You will follow these steps to set up the algorithm handles and key pairs for ML-DSA:

1. Use BCryptOpenAlgorithmProvider for the ML-DSA algorithm, choosing either the default Microsoft primitive provider or another HSM provider. This step sets up the cryptographic context for subsequent operations.

   status = BCryptOpenAlgorithmProvider(
       &hAlg,
       BCRYPT_MLDSA_ALGORITHM,
       MS_PRIMITIVE_PROVIDER,
       NULL);
   
   if (!NT_SUCCESS(status)) {
       goto cleanup;
   }
   

2. Use BCryptGenerateKeyPair to create private and public keys for the chosen algorithm.

   status = BCryptGenerateKeyPair(hAlg, &hKeyPair, 0, NULL);
   
   if (!NT_SUCCESS(status)) {
       goto cleanup;
   }
   

   The parameters are as follows:

   • hAlg: The handle for the algorithm provider, which was obtained from BCryptOpenAlgorithmProvider.
   • hKeyPair: The handle for the key pair.
   • 0: Indicates the default key size for ML-DSA.
   • NULL: No flags are set for this operation.

3. Use BCryptSetProperty to specify the parameter set to use for ML-DSA, which have tradeoffs for strength and performance. In this example the ML-DSA-44 parameter set is chosen.

   status = BCryptSetProperty(&hKeyPair, BCRYPT_PARAMETER_SET_NAME, (PUCHAR)BCRYPT_MLDSA_PARAMETER_SET_44, sizeof(BCRYPT_MLDSA_PARAMETER_SET_44), 0); 
   
   if (!NT_SUCCESS(status)) { 
       goto cleanup; 
   }
   

   Setting BCRYPT_PARAMETER_SET_NAME indicates which parameter set to use (e.g., ML-DSA-44).

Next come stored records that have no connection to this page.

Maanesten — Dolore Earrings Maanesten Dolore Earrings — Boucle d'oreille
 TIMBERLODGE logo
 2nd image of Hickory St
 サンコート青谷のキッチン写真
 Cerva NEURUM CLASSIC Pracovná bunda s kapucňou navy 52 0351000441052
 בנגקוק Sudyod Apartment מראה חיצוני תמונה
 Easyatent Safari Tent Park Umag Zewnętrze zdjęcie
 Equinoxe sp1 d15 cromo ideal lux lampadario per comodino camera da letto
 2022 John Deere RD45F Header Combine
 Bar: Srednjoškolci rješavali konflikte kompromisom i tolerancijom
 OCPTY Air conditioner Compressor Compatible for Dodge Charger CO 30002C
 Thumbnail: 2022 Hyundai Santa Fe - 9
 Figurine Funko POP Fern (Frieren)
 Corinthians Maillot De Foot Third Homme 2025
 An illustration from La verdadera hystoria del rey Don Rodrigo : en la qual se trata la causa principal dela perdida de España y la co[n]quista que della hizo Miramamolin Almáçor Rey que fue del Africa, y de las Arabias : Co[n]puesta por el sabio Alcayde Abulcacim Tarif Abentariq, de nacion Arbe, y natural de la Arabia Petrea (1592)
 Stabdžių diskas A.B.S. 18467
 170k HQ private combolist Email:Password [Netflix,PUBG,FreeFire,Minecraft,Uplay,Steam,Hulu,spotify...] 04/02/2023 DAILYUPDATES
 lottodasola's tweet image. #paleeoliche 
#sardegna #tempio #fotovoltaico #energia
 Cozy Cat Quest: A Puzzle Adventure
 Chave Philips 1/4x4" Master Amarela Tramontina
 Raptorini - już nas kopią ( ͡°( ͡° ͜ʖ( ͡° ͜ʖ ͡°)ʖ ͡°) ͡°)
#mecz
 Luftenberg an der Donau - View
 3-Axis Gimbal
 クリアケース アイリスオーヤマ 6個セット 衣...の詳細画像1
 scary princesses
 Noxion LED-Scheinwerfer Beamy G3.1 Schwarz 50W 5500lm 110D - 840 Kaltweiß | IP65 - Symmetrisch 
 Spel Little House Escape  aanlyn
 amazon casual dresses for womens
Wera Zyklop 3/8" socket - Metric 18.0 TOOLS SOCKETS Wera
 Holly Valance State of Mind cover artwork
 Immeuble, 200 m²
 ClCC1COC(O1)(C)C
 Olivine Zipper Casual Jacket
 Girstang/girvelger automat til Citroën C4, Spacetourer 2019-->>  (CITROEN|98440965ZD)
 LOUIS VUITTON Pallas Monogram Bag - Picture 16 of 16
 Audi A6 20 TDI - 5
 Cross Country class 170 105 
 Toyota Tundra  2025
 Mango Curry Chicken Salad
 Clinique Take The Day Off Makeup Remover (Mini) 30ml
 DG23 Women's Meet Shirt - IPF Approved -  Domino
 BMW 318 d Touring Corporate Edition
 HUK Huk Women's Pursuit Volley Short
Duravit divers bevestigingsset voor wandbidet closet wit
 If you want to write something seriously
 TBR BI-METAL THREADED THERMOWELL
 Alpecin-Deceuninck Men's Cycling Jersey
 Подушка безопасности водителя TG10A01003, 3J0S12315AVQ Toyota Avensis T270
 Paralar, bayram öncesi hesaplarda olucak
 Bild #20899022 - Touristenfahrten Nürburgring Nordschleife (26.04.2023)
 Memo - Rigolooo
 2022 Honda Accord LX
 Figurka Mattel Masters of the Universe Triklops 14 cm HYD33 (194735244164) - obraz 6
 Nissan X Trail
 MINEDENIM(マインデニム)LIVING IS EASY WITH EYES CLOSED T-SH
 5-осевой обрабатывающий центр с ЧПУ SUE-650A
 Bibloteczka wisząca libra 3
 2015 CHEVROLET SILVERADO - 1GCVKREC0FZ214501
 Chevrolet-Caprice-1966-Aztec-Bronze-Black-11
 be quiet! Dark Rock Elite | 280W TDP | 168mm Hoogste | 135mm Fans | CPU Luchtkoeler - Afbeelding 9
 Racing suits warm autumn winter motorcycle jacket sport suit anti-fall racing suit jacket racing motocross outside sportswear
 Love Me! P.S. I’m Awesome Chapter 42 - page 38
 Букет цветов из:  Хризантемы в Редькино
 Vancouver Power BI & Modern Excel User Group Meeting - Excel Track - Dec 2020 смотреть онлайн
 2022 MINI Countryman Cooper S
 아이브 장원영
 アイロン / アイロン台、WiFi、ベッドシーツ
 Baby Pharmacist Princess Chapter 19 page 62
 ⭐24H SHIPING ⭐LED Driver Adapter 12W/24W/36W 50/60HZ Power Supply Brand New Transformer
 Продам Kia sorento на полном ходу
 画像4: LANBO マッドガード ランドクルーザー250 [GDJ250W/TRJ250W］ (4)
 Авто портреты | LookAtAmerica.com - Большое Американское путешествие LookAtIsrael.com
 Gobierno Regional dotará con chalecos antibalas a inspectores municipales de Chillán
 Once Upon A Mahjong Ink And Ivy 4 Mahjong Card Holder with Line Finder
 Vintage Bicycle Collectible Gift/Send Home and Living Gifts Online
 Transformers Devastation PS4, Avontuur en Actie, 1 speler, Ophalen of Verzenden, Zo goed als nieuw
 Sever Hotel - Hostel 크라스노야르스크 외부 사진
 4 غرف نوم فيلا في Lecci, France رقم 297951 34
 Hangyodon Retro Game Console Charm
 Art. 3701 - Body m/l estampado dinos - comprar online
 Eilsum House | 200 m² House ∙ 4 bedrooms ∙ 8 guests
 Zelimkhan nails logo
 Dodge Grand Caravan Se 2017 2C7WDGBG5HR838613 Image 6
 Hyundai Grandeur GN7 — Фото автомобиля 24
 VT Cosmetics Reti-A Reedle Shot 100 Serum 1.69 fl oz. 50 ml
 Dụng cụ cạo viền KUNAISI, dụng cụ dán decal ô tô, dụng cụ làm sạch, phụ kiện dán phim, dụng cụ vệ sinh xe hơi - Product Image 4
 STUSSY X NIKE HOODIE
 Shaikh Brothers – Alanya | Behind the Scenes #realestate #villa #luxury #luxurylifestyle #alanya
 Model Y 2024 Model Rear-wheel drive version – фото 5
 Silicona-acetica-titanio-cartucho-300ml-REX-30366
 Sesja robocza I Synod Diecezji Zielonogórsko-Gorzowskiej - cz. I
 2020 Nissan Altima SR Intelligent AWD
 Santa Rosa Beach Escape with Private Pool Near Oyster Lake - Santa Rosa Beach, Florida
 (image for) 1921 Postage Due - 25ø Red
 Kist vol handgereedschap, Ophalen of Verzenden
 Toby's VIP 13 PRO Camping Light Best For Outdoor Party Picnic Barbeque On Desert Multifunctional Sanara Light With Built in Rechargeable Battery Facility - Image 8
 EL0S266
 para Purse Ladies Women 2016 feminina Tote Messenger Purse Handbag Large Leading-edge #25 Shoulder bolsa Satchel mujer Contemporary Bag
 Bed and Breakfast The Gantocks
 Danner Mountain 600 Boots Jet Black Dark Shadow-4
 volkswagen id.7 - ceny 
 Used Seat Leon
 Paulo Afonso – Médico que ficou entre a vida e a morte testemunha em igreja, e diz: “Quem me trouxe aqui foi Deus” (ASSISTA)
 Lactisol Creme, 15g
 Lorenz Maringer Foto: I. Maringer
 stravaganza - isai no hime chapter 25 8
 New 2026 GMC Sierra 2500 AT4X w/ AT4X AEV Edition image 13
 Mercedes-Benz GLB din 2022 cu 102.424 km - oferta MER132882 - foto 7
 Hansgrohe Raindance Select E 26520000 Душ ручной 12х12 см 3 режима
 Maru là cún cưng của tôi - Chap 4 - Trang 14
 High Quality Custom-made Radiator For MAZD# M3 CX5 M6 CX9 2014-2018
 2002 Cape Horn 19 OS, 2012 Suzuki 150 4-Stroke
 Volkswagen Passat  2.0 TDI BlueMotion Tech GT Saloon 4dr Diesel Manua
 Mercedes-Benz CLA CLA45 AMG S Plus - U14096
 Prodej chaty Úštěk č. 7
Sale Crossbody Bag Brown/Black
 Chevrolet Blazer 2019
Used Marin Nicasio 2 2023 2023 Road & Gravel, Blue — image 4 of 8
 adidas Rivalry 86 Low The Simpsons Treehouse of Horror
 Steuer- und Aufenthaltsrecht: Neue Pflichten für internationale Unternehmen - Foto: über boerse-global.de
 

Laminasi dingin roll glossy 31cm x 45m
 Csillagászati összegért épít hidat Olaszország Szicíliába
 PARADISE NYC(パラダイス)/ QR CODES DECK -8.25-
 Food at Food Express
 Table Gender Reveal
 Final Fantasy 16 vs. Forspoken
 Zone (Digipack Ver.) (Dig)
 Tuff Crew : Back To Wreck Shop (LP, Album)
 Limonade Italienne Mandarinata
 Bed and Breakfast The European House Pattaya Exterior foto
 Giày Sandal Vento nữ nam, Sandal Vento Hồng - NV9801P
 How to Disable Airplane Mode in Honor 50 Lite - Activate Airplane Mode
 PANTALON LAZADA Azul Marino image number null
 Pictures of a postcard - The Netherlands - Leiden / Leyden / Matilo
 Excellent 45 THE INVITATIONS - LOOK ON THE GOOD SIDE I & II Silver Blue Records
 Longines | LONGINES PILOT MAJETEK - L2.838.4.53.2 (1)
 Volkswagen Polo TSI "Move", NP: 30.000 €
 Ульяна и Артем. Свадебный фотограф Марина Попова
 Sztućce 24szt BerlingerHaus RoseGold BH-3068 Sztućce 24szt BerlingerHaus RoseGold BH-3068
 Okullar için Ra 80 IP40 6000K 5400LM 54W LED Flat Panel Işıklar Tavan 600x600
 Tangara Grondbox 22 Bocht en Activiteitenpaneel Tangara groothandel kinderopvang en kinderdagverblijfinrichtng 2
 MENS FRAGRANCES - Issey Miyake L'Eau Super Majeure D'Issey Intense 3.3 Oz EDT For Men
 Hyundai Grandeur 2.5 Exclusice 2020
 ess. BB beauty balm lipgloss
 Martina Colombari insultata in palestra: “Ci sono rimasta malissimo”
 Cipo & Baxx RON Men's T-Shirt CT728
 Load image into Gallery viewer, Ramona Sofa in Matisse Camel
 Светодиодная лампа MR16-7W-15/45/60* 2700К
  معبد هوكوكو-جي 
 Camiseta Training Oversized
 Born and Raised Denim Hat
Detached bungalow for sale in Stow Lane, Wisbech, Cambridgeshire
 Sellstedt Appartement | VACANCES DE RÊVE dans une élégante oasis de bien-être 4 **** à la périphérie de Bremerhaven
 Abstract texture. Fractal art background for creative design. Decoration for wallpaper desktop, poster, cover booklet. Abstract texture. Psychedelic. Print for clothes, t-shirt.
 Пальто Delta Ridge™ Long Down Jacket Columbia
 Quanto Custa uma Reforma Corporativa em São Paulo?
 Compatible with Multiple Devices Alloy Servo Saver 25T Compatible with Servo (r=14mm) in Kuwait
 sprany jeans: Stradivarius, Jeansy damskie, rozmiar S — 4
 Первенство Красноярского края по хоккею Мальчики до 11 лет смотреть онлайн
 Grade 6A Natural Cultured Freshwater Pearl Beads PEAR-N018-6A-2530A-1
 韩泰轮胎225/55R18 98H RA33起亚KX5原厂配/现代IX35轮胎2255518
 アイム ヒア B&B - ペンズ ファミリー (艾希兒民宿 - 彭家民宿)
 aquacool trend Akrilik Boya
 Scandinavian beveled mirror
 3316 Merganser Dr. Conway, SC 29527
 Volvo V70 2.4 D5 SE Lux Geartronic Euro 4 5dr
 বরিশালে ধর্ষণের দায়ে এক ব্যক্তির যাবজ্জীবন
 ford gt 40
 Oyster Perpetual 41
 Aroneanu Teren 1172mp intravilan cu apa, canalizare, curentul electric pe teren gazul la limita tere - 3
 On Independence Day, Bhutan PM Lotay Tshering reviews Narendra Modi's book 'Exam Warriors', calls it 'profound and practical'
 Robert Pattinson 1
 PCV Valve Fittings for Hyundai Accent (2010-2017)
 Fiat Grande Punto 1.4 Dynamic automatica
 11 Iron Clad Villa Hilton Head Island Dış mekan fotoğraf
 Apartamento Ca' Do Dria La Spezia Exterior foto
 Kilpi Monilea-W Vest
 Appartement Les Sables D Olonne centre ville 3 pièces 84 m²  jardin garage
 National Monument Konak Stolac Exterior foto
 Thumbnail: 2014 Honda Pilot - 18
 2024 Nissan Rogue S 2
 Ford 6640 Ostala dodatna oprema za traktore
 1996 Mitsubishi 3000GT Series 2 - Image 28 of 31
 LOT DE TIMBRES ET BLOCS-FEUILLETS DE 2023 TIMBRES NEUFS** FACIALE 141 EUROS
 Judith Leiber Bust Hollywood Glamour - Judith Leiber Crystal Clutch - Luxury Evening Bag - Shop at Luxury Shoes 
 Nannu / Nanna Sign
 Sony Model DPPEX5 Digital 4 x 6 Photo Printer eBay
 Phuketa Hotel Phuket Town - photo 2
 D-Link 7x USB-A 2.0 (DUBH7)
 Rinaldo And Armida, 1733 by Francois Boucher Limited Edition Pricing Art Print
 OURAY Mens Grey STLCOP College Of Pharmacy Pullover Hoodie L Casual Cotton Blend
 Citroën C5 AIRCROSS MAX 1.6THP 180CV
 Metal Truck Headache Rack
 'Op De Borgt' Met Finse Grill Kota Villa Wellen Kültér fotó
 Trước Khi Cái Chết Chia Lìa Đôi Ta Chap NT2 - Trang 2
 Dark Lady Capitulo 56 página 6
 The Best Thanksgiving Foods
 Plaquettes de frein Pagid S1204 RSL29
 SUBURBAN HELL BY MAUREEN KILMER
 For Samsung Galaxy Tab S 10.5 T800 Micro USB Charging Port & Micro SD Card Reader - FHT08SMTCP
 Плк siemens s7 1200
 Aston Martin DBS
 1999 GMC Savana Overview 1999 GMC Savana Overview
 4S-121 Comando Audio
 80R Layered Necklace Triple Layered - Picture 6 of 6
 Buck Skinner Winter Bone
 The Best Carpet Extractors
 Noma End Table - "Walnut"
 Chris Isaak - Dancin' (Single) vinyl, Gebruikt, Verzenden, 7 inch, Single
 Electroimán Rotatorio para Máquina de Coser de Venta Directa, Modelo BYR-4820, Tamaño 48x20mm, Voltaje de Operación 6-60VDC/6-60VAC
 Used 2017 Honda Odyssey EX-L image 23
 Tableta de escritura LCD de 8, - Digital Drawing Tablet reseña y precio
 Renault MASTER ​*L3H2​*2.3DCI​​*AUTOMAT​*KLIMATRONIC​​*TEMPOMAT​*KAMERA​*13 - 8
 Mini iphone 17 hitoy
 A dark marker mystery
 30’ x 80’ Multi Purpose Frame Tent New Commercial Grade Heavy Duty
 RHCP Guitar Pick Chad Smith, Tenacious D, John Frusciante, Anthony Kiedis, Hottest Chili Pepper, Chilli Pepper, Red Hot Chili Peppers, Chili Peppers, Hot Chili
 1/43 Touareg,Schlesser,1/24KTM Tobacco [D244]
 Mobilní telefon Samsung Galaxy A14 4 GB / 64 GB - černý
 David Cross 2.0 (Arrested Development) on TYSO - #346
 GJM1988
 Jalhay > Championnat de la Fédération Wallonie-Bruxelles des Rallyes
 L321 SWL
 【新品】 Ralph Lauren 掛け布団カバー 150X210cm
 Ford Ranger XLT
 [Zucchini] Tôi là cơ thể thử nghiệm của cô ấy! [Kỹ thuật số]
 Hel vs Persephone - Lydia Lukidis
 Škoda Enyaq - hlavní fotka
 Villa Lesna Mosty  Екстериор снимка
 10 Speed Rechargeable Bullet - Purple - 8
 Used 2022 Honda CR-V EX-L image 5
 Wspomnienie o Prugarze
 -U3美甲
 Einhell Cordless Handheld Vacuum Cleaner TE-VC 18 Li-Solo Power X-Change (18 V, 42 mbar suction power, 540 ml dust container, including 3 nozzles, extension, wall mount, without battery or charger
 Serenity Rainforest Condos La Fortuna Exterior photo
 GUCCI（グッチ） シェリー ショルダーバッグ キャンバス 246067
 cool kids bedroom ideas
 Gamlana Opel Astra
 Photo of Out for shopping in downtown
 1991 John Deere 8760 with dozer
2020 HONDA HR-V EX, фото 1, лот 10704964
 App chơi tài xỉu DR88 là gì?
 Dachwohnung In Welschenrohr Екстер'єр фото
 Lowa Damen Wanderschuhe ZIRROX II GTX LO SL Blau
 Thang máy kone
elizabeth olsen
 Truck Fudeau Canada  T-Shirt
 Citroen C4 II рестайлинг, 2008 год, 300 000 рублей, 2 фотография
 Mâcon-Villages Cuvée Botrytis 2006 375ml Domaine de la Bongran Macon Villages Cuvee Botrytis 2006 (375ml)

4. Use BCryptFinalizeKeyPair so the public and private key are ready to be used.

   status = BCryptFinalizeKeyPair(hKeyPair, NULL); 
   if (!NT_SUCCESS(status)) { 
       goto cleanup; 
   }
   
   // Public/Private key pair is generated at this point 
   

Sign the message

To sign a message with the generated key pair, the code uses BCryptSignHash.

1. The code first determines the buffer size needed for the signature by calling BCryptSignHash with NULL output. It then allocates memory for the signature.

    // Get the signature size
   status = BCryptSignHash(hKeyPair, NULL, NULL, 0, NULL, 0, &cbSignature, NULL);
   
   if (!NT_SUCCESS(status)) {
       goto cleanup;
   }
   
   pbSignature = (PBYTE)LocalAlloc(LMEM_FIXED, cbSignature);
   
   if (pbSignature == NULL) {
   status = STATUS_NO_MEMORY;
       goto cleanup;
   }
   

2. Next, it configures a BCRYPT_PQDSA_PADDING_INFO structure:

   // Sign with pure ML-DSA
   //
   // Pure variants sign arbitrary length messages whereas
   // the pre-hash variants sign a hash value of the input.
   // To sign with pure ML-DSA or pure SLH-DSA, pszPrehashAlgId must be set
   // to NULL if BCRYPT_PQDSA_PADDING_INFO is provided to the sign/verify
   // functions.
   
   // For pre-hash signing, the hash algorithm used in creating
   // the hash of the input must be specified using the pszPrehashAlgId
   // field of BCRYPT_PQDSA_PADDING_INFO. This hash algorithm information
   // is required in generating and verifying the signature as the OID of
   // the hash algorithm becomes a prefix of the input to be signed.
   //
   
   padinfo.pbCtx = (PUCHAR)ctx;
   padinfo.cbCtx = sizeof(ctx);
   padinfo.pszPrehashAlgId = NULL;
   

   The BCRYPT_PQDSA_PADDING_INFO structure contains the following fields:

   • pbCtx and cbCtx: A pointer and size for an optional context string (additional authenticated data).
   • pszPrehashAlgId: Set to NULL for "pure" signing (the message is signed directly, not a hash).

3. Finally, the actual signature is generated with another call to BCryptSignHash. The key handle, padding info, message, and allocated signature buffer are passed to the call. The BCRYPT_PAD_PQDSA flag specifies PQDSA padding.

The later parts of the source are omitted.